### [WORK TASK]
Pictures stay out; please output the remaining data exactly.

### [DATA EXCERPT]
== == ==
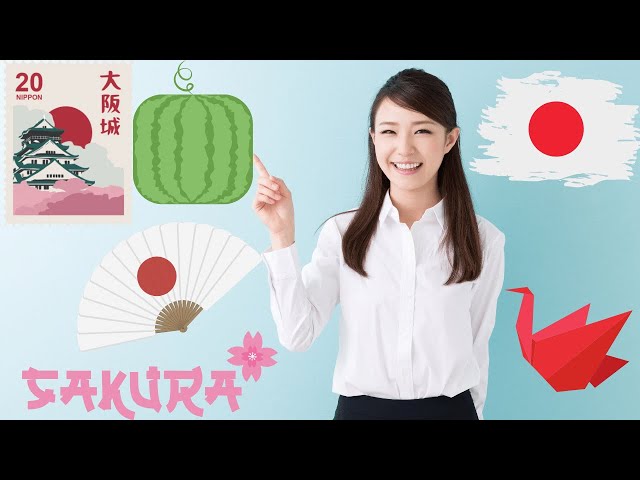 Jokes and Jaunts: Roaming Japan with Country Chuckles TV!"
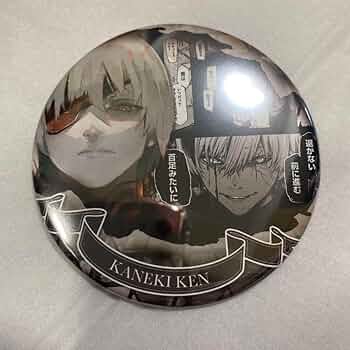 71LnjryF3OL._AC_UF350,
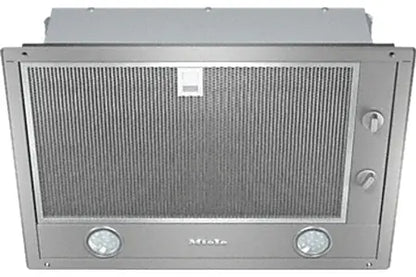 Groupe filtrant Miele DA2450 Miele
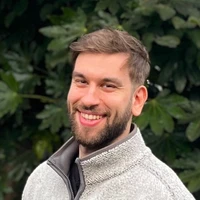 Aleix Cambray (H-AI)'s profile picture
== == ==
### [RESULT BELOW]
 Jokes and Jaunts: Roaming Japan with Country Chuckles TV!"
 71LnjryF3OL._AC_UF350,
 Groupe filtrant Miele DA2450 Miele
 Aleix Cambray (H-AI)'s profile picture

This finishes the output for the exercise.